閑猫堂

hima-neko-dou ときどきのお知らせと猫の話など

丸餅、切餅(つづき)

2007-01-15 08:35:15 | 

鏡開きも過ぎたというのに、しつこく続けている、お餅の話。
今年の閑猫堂は、なんとなく、民俗学傾向?
お餅のことも、どこかでちゃんと研究している人がいて、
調べれば正しいことがわかるのだろうと思うけど、
自分で推理してみるのも好きです。
(以下はわたしが勝手に考えた「仮説」なので
そのまま信じないように!)

そもそも、お餅は、丸かった。
「丸める」というのは道具を使わず人の手だけでできる
いちばんシンプルで原始的な形です。
とくに神様にお供えする鏡餅は
「鏡」というくらいだから、本来は丸いはずである。

丸い鏡餅のバリエーションとして
「丸くてひらたい鏡餅」つまり「円形ののし餅」が
おもに東日本に存在した。
(と強引に仮定する)

鏡餅が大きければ大きいほど、
こんもり丸く高くきれいに作るのは難しいのよ。
どうしても重みでひろがってしまうのです。
じゃあ、いっそのこと、ひらたく作っちゃえ、とか。
または、ひらたいほうが少ないお餅でも大きく見える、とか。
もしかしたら、お米の質にも関係があるかもしれない。
その地方のお餅は柔らかくてダレやすかった、とかね。

さて、丸くてひらたい大きな鏡餅を食べるには
切らなければなりませんが、どう切るか。
ピザみたいに放射状に切るんでなければ、
(いや、それも面白そうだけど、ひとまず除外して…)
タテヨコに切り分けるのがふつうでしょう。
包丁で「丸く」は切れないですからね。
タテヨコに切ると、外周部分はカーブがつくけど、
あとは正方形または長方形になります。

こうして「丸くてひらたい鏡餅」を供える地域には
「四角い切餅」を食べる習慣が定着した。

一方、上方(西日本)の鏡餅は厚いので切りにくい。
あれは「割る」しかないでしょう。
そのため、お供えとは別に、食べやすい小さい丸餅を
たくさん作る習慣ができ、そのまま現在に至った。

時代が進み、地方文化の交流がおこなわれる中で、
上方の「こんもり高い鏡餅」が東日本にも広まった。
あっちが本式らしいぞ、ということで、
「丸高鏡餅」が全国的に普及し、「丸平鏡餅」は姿を消した。

しかし「丸くてひらたい餅を四角に切って食べる」という
お正月の風習だけはそのまま残り、

その「丸くてひらたい餅」が量産される過程で、
より扱いやすいように「四角くてひらたい餅」に変化し、
長方形の「のし餅」を経て「パック切餅」の発明に至った。

ゆえに東日本では
お供えとしての「丸い鏡餅」と
食べものとしての「四角い切餅」が共存するのです。
Q.E.D.
ご清聴ありがとう。
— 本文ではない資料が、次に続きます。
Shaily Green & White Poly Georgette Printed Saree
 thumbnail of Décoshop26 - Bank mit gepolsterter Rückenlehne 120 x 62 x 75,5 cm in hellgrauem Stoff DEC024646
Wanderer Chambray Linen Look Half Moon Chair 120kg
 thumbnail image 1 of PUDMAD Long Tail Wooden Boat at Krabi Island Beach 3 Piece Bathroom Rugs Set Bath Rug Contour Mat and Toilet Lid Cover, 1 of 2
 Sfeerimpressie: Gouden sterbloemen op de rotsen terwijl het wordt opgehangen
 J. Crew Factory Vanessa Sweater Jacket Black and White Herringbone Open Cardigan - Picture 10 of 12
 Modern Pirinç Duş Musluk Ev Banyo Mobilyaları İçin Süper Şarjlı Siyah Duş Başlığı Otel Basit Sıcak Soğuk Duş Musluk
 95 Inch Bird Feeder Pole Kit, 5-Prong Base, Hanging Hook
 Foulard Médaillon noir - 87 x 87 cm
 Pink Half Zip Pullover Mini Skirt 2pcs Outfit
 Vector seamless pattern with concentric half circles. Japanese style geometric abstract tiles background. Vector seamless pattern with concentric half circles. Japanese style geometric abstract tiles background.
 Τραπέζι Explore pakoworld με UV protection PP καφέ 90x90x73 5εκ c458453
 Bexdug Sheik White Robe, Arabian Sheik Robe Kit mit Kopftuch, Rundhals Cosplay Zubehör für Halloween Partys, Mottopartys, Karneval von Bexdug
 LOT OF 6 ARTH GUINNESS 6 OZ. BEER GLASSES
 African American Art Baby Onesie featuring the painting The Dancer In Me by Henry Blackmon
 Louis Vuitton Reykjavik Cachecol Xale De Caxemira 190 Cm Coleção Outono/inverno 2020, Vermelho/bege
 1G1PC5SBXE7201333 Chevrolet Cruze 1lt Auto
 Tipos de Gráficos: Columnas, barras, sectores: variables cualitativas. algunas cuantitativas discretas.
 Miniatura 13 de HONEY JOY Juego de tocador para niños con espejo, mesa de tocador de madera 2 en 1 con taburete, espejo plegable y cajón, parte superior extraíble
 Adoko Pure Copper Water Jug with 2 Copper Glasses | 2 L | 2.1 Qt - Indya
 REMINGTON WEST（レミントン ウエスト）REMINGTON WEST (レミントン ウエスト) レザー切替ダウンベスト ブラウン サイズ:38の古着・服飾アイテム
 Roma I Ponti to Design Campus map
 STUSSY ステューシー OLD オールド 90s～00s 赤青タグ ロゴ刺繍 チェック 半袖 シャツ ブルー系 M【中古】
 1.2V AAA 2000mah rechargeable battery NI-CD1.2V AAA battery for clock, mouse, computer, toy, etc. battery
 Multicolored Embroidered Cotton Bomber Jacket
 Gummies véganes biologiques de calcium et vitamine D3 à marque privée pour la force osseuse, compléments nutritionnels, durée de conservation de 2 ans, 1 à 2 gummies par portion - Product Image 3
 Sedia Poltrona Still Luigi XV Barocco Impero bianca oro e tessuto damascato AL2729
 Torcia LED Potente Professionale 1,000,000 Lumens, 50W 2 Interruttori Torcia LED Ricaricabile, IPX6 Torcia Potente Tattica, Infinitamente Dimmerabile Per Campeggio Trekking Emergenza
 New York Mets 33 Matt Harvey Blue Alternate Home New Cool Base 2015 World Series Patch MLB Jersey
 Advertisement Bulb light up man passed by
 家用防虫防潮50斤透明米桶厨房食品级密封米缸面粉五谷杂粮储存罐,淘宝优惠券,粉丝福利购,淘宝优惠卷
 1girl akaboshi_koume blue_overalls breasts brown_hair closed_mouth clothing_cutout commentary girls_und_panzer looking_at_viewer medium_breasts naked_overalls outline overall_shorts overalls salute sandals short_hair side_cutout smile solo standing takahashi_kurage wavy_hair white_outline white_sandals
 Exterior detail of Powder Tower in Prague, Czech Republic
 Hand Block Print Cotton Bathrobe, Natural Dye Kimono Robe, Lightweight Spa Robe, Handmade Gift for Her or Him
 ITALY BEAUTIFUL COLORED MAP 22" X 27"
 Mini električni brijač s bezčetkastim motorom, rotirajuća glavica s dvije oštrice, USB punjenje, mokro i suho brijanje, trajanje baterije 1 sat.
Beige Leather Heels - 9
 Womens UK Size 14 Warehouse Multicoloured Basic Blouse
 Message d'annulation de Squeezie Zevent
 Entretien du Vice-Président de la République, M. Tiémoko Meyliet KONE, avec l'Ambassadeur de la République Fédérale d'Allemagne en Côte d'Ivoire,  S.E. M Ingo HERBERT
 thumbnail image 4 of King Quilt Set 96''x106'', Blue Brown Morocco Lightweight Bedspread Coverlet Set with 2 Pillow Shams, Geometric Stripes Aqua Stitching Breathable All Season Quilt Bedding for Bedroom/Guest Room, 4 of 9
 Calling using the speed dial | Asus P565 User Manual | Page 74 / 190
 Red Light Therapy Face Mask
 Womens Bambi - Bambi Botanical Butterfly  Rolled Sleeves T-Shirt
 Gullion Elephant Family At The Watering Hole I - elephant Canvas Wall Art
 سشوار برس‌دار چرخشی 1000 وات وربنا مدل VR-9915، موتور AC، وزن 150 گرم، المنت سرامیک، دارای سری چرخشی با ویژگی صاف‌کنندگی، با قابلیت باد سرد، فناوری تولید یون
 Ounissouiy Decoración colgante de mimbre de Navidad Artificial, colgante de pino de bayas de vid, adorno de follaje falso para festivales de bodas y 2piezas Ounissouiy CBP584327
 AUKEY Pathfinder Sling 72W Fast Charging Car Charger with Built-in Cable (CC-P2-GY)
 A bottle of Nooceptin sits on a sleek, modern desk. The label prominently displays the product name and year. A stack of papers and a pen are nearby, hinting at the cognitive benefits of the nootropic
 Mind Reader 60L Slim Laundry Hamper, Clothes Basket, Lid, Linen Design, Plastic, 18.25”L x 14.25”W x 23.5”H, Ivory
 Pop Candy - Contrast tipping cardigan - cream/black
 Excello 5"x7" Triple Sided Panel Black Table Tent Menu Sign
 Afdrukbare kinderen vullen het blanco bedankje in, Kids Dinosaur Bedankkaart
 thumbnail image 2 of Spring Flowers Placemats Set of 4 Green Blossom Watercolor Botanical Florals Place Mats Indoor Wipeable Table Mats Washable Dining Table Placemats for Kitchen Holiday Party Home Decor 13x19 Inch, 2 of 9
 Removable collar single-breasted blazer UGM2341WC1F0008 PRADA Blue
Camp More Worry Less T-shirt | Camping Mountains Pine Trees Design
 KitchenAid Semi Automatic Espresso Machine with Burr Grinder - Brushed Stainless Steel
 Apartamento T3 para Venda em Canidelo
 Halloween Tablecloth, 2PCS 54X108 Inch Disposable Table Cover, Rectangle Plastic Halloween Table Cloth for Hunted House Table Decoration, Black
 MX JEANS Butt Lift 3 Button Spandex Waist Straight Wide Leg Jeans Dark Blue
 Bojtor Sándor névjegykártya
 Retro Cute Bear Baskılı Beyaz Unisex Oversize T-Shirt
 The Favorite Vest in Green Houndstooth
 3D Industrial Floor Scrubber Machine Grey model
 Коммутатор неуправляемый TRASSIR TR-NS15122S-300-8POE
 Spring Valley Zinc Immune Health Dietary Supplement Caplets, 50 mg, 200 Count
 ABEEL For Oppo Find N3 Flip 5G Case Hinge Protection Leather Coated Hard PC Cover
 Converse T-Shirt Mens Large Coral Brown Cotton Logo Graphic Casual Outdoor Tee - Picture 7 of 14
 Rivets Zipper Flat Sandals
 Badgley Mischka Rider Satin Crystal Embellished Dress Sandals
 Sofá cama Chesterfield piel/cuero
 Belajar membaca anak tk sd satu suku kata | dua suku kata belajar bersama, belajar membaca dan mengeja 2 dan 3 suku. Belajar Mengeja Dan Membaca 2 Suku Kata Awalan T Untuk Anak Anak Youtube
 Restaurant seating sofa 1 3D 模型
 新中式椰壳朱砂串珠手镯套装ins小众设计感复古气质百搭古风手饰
(拍手)

…仮説ですよ、仮説。
論争ができるような根拠はないですから、
ご質問、異議、反論の類はご容赦を。


しかし、
「下が丸で上が四角のハイブリッド鏡餅」の謎は
いまだ解けておりません。
うーん、「前方後円墳」ではあるまいしねえ。
Kと小中学校で同級だった子のお家なのです。
こんどお母さんに会ったらぜひ聞いてみたい。